ほとんどの人がスマホを手にするようになってから、窮屈さやストレスを感じるようになっていませんか?

・友達がSNSに投稿した内容に傷つき、嫉妬してしまう
・調べればわかることはは自分で調べるべきという風潮
・常に続いているメッセージのやり取り
・いつ電話がかかってくるかわからないというプレッシャー
・SNSに出てくる過激な投稿や広告

友人関係や仕事での関係を作る際にも切り離すことができなくなったスマホとの付き合い。

スマホを「使っている」はずだったのに、スマホに「縛られる」ようになってしまったのはいつからでしょうか。

多くの人と繋がりやすくなったのに、人との会話は減り、
様々なことが素早く簡単にできるようになったのに、前より忙しくなり、
動画や音楽を気軽に楽しめるようになって娯楽の幅が広がったのに、ストレスは増えている

私自身、常にスマホを持ち歩き、暇な時になんとなく画面を見てしまうことはあります。
仕事用とプライベート用の2台持ちが当たり前になり、出勤前や帰宅後、休日にも仕事の電話やメールが来ていないか、気になってしまいます。
1人1台携帯電話を持つことが当たり前になる前は、仕事以外の時間に仕事の連絡が来ることを気にするなんてことはなかったのでしょう。(私が大学を卒業して就職した時にはすでに多くの社会人が仕事用とプライベート用の携帯電話もしくはスマホの2台持ちでした)

しかし、ある本を読んでからはその習慣を改めるようになりました。

その本とは、タレントのふかわりょうさんが書いた「スマホを置いて旅したら」です。

この記事では、「スマホを置いて旅したら」が提起している問題に触れつつ、「旅とスマホの関係」「人間とスマホの関係」についてまとめました。

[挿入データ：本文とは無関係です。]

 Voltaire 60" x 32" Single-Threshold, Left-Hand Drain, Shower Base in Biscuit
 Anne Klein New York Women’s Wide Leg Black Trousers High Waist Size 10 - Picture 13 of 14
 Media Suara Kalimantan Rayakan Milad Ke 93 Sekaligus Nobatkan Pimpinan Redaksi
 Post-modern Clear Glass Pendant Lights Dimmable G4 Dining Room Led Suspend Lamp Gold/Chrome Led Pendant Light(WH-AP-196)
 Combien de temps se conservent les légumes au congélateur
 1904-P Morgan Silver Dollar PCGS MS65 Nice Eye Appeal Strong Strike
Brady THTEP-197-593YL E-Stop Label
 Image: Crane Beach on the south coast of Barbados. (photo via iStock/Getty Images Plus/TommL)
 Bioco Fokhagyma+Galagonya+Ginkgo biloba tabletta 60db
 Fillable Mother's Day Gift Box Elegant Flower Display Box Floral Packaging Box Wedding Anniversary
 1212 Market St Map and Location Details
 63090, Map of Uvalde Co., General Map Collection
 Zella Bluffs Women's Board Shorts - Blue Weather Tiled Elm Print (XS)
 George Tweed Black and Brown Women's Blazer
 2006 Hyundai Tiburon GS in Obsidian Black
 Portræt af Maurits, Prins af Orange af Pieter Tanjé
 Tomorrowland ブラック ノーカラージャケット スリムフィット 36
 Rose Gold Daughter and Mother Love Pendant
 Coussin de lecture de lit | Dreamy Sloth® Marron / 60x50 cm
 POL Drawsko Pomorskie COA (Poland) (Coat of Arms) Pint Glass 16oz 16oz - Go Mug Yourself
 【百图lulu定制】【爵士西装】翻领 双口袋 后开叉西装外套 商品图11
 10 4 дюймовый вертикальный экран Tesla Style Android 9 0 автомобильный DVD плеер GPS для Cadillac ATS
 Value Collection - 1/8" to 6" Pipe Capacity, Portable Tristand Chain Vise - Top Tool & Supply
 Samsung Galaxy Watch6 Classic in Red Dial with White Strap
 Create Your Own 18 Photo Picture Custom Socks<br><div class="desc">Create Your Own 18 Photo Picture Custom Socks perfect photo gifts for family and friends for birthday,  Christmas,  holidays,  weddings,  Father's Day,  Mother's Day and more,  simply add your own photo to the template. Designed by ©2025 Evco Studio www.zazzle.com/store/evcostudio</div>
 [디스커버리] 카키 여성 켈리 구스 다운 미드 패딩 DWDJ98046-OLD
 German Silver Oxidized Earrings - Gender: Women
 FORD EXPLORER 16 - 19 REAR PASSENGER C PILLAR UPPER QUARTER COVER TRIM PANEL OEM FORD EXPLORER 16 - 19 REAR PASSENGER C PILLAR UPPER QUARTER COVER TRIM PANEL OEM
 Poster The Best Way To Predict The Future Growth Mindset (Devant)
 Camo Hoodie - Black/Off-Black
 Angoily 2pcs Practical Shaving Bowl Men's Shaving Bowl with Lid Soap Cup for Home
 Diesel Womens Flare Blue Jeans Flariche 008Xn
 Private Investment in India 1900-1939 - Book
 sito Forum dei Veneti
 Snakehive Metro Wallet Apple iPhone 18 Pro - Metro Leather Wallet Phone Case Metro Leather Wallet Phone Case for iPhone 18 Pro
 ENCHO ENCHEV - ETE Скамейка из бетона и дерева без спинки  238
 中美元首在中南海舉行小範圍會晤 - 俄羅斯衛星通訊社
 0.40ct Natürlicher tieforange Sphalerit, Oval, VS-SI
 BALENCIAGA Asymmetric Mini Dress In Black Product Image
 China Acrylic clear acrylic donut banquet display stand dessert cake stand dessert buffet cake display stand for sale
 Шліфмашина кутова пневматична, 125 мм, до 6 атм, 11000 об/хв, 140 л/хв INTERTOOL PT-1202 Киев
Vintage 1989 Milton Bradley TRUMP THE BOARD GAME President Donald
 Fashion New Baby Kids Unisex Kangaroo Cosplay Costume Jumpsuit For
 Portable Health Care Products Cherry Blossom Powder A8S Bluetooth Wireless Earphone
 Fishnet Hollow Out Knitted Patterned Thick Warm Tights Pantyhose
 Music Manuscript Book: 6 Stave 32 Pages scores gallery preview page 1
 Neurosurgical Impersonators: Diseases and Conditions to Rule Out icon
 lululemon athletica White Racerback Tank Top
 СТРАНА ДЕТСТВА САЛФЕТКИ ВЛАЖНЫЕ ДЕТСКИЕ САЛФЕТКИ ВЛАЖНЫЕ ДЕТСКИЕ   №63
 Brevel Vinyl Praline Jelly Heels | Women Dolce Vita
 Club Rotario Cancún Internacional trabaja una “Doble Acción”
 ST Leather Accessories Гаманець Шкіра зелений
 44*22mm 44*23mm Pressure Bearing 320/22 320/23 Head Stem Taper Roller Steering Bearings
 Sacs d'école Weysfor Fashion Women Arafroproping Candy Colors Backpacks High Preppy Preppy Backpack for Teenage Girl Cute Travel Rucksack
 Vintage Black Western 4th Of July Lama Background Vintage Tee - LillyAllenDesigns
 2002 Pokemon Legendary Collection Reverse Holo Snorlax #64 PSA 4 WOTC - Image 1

※この記事はあくまでもこの本を読んで私がスマホと旅について考察したものであり、作者であるふかわさんの意見、主張とは一切関係ありません。

「スマホを置いて旅したら」

この本には、ふかわさんがスマホを置いて旅に出ようと思ったきっかけ、旅のスケジュールや各所での様々な出会いやエピソードが綴られています。

現在、ネットで調べれば「地元民が教える〇〇観光におすすめのスポット△選」のような記事はたくさん出てきます。観光案内所やタクシードライバーからおすすめのグルメやスポットを聞いて旅を進めていく姿は、本当の意味で「地元の人おすすめ」の場所を巡っていることになるでしょう。なんていったって、地元の方の生の声を聞いているわけですから。飲食店での地元の方とのふれあい、出会いもスマホで事前にお店や行きたい観光スポットを調べ、現地でも地元の人に聞くのではなく移動手段から何から調べていってしまうとおそらくなかったと思います。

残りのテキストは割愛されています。